- _About this task_
What lines below contain the word "open"? Please pull each one out.

### Working data ###

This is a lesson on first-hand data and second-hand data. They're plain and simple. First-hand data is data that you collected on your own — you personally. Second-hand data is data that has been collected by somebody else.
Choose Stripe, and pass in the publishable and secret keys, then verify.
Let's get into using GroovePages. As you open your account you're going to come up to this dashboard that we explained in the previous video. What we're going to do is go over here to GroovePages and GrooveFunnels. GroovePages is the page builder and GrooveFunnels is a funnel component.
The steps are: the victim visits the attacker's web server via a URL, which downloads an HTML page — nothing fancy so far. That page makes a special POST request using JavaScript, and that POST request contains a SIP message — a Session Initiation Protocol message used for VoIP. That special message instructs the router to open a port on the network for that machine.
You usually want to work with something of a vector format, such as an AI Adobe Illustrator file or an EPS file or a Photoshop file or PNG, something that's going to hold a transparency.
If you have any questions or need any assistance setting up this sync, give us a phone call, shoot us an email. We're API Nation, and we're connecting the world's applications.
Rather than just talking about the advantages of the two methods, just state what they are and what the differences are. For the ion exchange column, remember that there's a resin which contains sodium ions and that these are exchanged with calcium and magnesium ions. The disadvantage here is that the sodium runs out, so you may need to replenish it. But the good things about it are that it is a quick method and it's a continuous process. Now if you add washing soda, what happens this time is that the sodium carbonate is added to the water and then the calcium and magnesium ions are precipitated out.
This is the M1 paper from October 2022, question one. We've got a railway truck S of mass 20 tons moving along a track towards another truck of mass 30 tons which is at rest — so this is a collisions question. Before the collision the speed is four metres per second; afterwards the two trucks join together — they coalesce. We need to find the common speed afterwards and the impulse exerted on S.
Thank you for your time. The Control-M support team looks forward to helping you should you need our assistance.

###
### Working data ###

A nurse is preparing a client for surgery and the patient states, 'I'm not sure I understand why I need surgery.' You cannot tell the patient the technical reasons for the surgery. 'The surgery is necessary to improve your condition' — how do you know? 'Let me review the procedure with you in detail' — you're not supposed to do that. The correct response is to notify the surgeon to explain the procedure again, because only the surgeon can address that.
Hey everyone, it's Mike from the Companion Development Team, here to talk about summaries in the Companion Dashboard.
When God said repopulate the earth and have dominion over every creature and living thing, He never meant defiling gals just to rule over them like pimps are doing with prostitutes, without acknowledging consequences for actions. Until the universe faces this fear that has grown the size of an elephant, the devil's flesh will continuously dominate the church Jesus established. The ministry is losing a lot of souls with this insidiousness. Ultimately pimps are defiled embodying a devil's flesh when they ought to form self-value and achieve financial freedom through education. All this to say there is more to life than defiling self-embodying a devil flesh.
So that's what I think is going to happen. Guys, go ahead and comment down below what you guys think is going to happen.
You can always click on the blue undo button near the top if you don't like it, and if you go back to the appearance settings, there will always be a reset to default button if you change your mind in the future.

###

- _Response_
Let's get into using GroovePages. As you open your account you're going to come up to this dashboard that we explained in the previous video. What we're going to do is go over here to GroovePages and GrooveFunnels. GroovePages is the page builder and GrooveFunnels is a funnel component.
The steps are: the victim visits the attacker's web server via a URL, which downloads an HTML page — nothing fancy so far. That page makes a special POST request using JavaScript, and that POST request contains a SIP message — a Session Initiation Protocol message used for VoIP. That special message instructs the router to open a port on the network for that machine.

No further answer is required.